Moneybox

How Expensive Houses and Suburban Sprawl Are Tearing Belgium Apart

Author’s photo

Panoramic view of Brussels’ grand place.

I’m positively obsessed with the point that supply restrictions on new construction cause a much broader and deeper set of problems than is commonly realized. For example, I’m in Brussels right now on a trip organized by the European Parliament for American journalists to learn about EU institutions but it naturally made me curious about the local situation as well as the EU one. And it looks like a case where suburban sprawl is literally tearing the nation of Belgium apart.

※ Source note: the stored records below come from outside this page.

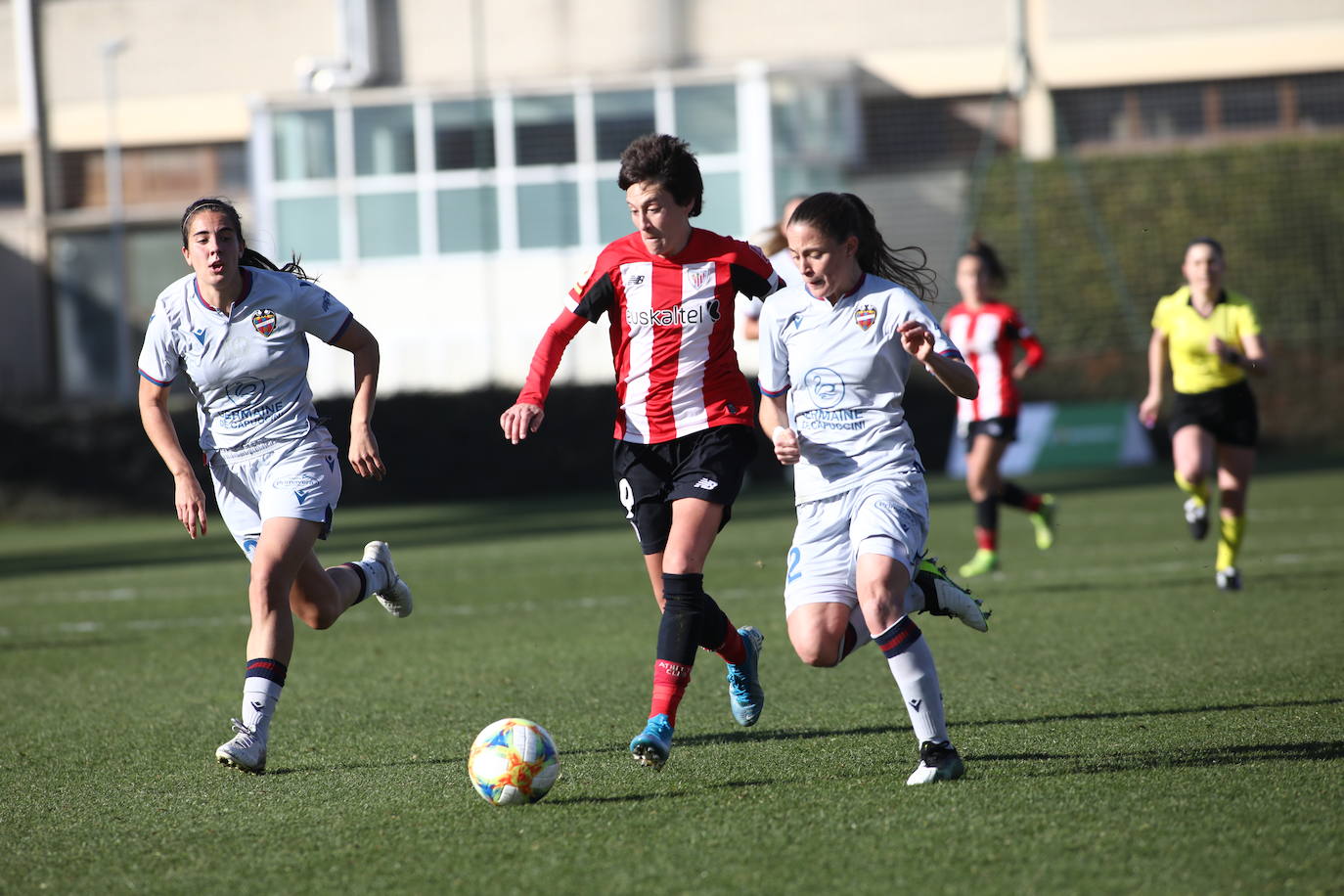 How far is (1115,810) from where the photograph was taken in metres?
4.21

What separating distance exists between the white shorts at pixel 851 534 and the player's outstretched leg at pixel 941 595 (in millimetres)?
240

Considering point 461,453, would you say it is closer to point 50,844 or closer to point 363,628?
point 363,628

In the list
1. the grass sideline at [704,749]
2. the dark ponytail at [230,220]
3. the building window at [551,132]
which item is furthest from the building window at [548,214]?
the dark ponytail at [230,220]

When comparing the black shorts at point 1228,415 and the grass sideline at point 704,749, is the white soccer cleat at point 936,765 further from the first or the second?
the black shorts at point 1228,415

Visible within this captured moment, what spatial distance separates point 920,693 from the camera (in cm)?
466

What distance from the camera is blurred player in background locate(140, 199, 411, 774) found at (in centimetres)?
540

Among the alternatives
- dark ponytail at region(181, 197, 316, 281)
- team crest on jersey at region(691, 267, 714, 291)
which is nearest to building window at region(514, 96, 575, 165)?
dark ponytail at region(181, 197, 316, 281)

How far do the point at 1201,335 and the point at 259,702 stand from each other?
621cm

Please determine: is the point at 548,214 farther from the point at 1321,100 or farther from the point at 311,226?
the point at 1321,100

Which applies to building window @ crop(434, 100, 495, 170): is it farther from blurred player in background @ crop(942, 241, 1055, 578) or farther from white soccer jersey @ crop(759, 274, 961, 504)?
white soccer jersey @ crop(759, 274, 961, 504)

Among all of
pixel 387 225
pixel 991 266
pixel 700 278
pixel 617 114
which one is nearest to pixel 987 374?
pixel 991 266

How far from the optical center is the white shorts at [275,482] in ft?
18.0

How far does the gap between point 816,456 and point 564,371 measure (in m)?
22.0

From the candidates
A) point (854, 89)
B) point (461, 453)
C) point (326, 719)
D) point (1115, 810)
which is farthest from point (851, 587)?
point (854, 89)
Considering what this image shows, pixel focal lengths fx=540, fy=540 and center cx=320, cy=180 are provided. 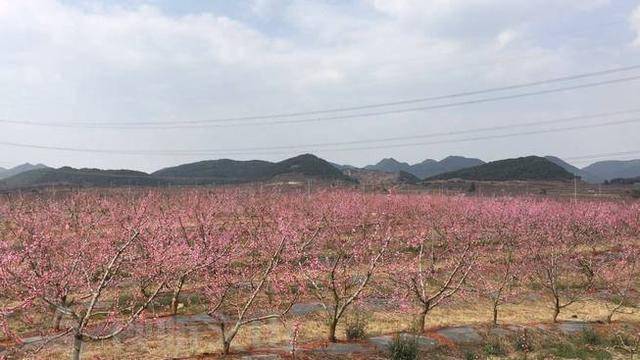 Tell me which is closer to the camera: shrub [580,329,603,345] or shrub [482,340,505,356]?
shrub [482,340,505,356]

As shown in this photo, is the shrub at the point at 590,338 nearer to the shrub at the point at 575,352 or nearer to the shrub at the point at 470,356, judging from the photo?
the shrub at the point at 575,352

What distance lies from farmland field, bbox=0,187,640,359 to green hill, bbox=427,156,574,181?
89.4 meters

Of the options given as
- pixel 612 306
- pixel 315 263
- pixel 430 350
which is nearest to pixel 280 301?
pixel 315 263

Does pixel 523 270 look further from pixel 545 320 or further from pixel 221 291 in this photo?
pixel 221 291

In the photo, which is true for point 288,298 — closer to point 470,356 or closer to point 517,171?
point 470,356

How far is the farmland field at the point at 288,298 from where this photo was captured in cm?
1109

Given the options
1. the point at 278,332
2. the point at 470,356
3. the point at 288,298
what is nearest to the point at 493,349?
the point at 470,356

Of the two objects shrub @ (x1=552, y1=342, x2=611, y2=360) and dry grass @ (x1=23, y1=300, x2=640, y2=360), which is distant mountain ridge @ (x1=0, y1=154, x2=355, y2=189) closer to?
dry grass @ (x1=23, y1=300, x2=640, y2=360)

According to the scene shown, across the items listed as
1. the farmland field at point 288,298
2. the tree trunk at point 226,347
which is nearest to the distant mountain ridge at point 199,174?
the farmland field at point 288,298

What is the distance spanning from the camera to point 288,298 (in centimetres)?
1697

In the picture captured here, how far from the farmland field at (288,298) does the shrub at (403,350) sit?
5 centimetres

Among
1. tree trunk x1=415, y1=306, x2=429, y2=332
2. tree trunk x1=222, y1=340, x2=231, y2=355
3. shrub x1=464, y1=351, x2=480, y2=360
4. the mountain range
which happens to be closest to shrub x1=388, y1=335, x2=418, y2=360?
shrub x1=464, y1=351, x2=480, y2=360

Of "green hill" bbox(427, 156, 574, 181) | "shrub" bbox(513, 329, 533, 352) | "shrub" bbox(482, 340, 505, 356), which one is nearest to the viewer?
"shrub" bbox(482, 340, 505, 356)

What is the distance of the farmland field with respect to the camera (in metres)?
11.1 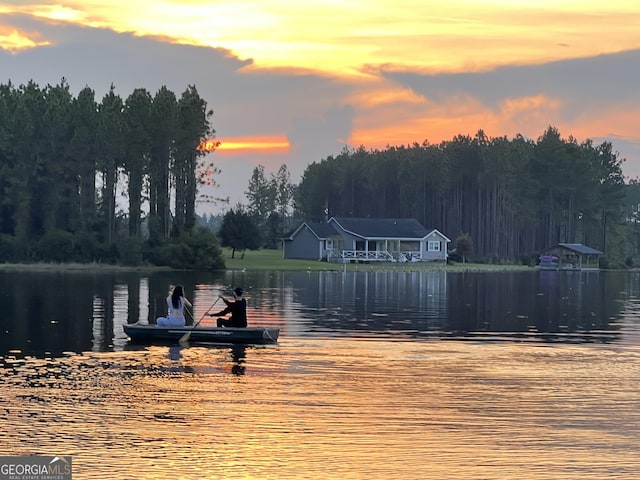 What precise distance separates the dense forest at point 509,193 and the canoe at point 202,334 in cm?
11812

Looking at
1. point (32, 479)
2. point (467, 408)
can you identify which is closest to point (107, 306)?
point (467, 408)

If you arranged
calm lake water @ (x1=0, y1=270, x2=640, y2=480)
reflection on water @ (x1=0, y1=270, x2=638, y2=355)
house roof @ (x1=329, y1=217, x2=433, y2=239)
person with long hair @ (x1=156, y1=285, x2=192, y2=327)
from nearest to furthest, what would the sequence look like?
1. calm lake water @ (x1=0, y1=270, x2=640, y2=480)
2. person with long hair @ (x1=156, y1=285, x2=192, y2=327)
3. reflection on water @ (x1=0, y1=270, x2=638, y2=355)
4. house roof @ (x1=329, y1=217, x2=433, y2=239)

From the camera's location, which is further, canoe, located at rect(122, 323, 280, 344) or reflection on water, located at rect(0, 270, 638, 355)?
reflection on water, located at rect(0, 270, 638, 355)

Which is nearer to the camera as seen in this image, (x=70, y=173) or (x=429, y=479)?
(x=429, y=479)

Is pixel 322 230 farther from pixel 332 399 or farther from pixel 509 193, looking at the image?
pixel 332 399

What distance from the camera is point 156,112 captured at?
348 feet

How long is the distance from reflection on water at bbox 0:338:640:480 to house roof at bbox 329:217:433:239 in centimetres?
9695

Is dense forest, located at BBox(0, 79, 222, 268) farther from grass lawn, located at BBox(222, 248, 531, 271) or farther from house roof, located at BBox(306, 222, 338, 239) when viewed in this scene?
house roof, located at BBox(306, 222, 338, 239)

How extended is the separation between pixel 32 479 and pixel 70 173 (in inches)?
3660

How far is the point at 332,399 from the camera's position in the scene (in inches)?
939

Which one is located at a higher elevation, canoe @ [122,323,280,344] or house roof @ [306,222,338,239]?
house roof @ [306,222,338,239]

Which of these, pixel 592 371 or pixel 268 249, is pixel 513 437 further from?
pixel 268 249

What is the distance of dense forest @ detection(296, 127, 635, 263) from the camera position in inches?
6275

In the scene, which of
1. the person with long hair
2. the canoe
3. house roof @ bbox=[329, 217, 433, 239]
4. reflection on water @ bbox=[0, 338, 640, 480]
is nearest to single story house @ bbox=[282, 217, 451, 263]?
house roof @ bbox=[329, 217, 433, 239] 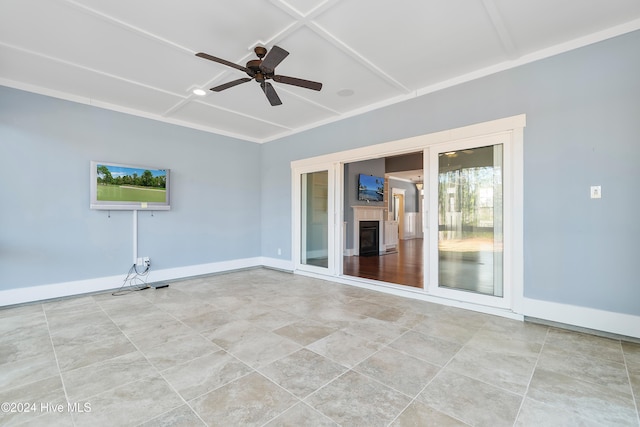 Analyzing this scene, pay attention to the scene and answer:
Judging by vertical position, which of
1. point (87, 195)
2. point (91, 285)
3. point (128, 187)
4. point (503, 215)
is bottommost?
point (91, 285)

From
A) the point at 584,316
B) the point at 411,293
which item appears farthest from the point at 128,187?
the point at 584,316

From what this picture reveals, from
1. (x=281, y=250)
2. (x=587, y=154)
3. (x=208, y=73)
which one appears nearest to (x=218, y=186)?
(x=281, y=250)

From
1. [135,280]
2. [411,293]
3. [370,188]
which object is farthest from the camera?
[370,188]

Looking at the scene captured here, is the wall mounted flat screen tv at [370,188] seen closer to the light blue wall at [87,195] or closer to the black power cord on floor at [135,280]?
the light blue wall at [87,195]

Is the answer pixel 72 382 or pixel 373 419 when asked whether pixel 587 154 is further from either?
pixel 72 382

The basic situation is that Belgium is like three countries in one. There’s French-speaking Wallonia, there’s Dutch-speaking Flanders, and then there’s Brussels. Brussels is officially bilingual, but it’s geographically surrounded by Flanders and yet primarily inhabited by French-dominant individuals. Brussels is also a major international city thanks to work related to the presence of Euorpean Union institutions and NATO headquarters here as well as being a big location for lower skilled immigration from developing countries. Since French is a much more widely spoken language than Dutch, new arrivials to Brussels tend to speak French. Which is all well and good, except that the Dutch-speaking nature of the Felmish communities near Brussels is integral to the grand bargain on which Belgium’s existence as a nation is predicated.

So while in the United States housing scarcity in central cities drives unnecessarily long commutes and unnecessary environmental damage, in Belgium it becomes a cause of profound political crisis since the increasing population of French speaking in rim municipalities around Brussles exacerbates the Brussels-Halle-Vilvoorde dispute.

Obviously it would be pretty flip to just say that Belgian could solve all its intra-communal disputes with more residential high-rises in Brussels, but the extent to which the relative price of housing in Brussels has risen relative to non-Brussels is striking.